* **WHAT THE TASK REQUIRES**: Transcribe the listing below in full, exactly, with no images.

* **SOURCE DATA**:
*** Begin section ***
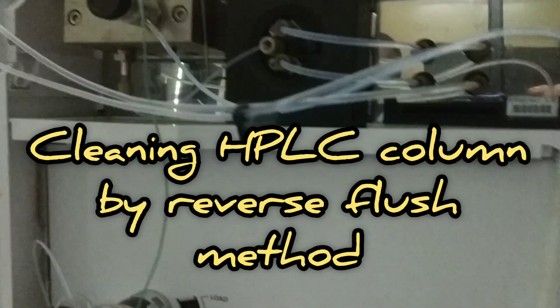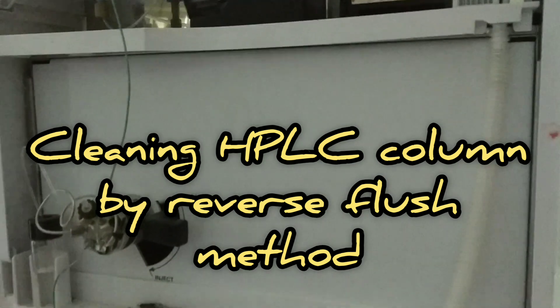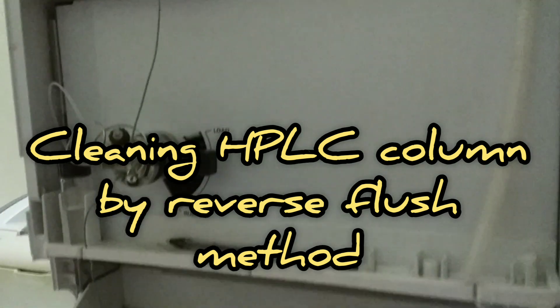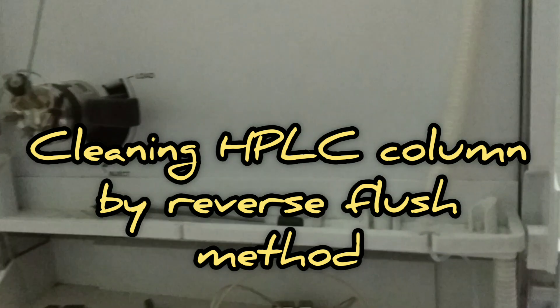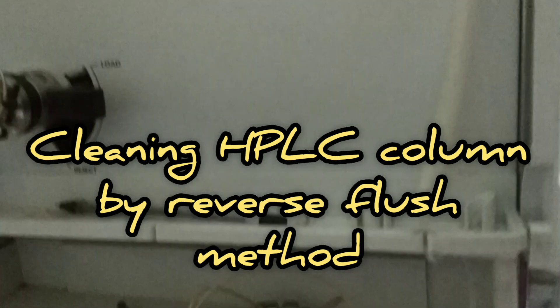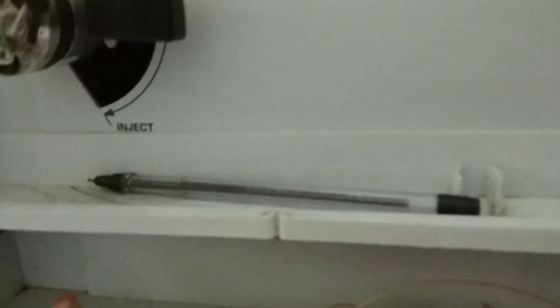I'm going to show you how to clean an HPLC column by the reverse flush method. Caring for the HPLC column might be simple, but it is exceptionally important to the health, lifetime, and productivity of our column. Column health can greatly affect the analysis as well. This video is mainly focusing on how to clean the HPLC column through reverse flushing.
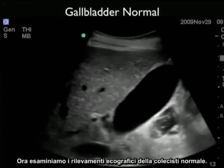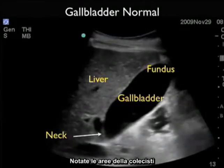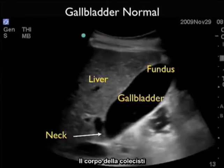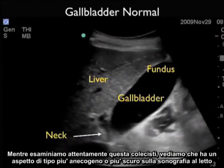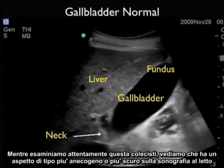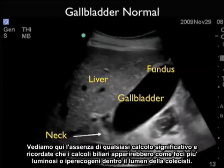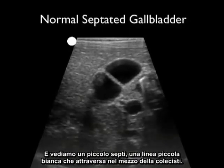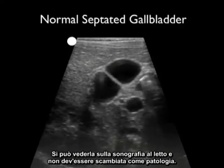Now let's look at the ultrasound findings of a normal gallbladder. We see the liver to the left and the gallbladder just inferior to the liver to the right. Notice the areas: the upper fundus towards the upper right, the body of the gallbladder in the intermediate part, and the neck of the gallbladder towards the left of the image. The gallbladder has a typical darker or anechoic appearance on bedside sonography because of the bile fluid within it. We see the absence of any significant stones — gallstones would appear as brighter or hyperechoic foci within the gallbladder lumen. Here's a normal variant known as a septated gallbladder, with a small septal white line through the middle — this is not to be mistaken as pathology.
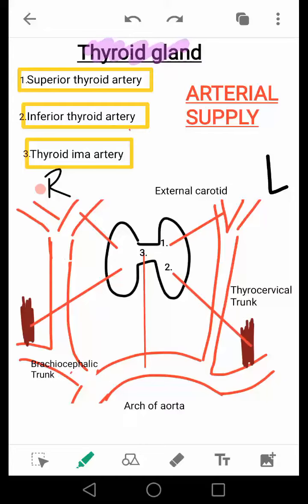In this video, we will discuss the blood supply of the thyroid gland. The thyroid gland makes thyroid hormones that regulate many metabolic functions of the body. It is located in front of the trachea below the larynx at the level of the 2nd, 3rd, and 4th tracheal rings, and is enclosed in the pretracheal fascia.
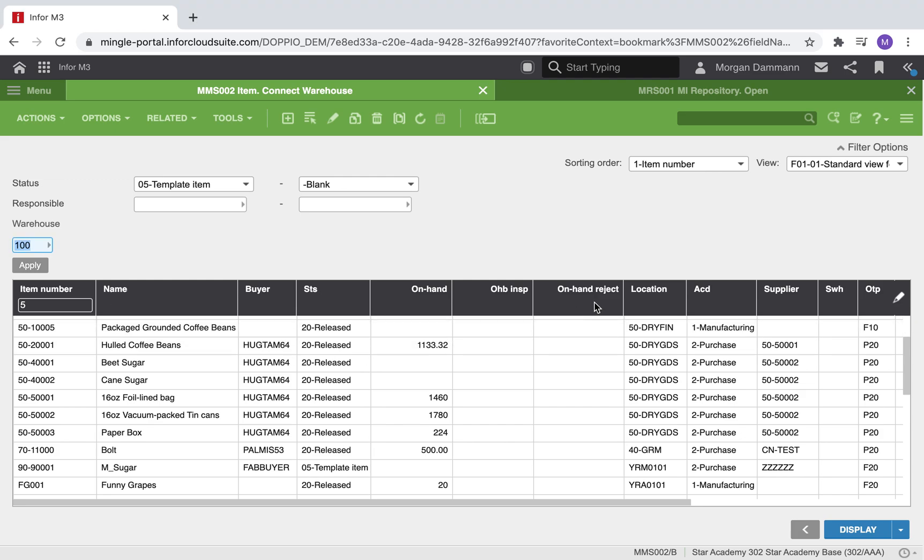In M3, we will start by viewing the information in our item warehouse. We can see that this group of items, from hold coffee beans down to paper box, is connected to this buyer.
*** End section ***
* **WRITTEN SOLUTION**:
I'm going to show you how to clean an HPLC column by the reverse flush method. Caring for the HPLC column might be simple, but it is exceptionally important to the health, lifetime, and productivity of our column. Column health can greatly affect the analysis as well. This video is mainly focusing on how to clean the HPLC column through reverse flushing.
Now let's look at the ultrasound findings of a normal gallbladder. We see the liver to the left and the gallbladder just inferior to the liver to the right. Notice the areas: the upper fundus towards the upper right, the body of the gallbladder in the intermediate part, and the neck of the gallbladder towards the left of the image. The gallbladder has a typical darker or anechoic appearance on bedside sonography because of the bile fluid within it. We see the absence of any significant stones — gallstones would appear as brighter or hyperechoic foci within the gallbladder lumen. Here's a normal variant known as a septated gallbladder, with a small septal white line through the middle — this is not to be mistaken as pathology.
In this video, we will discuss the blood supply of the thyroid gland. The thyroid gland makes thyroid hormones that regulate many metabolic functions of the body. It is located in front of the trachea below the larynx at the level of the 2nd, 3rd, and 4th tracheal rings, and is enclosed in the pretracheal fascia.
In M3, we will start by viewing the information in our item warehouse. We can see that this group of items, from hold coffee beans down to paper box, is connected to this buyer.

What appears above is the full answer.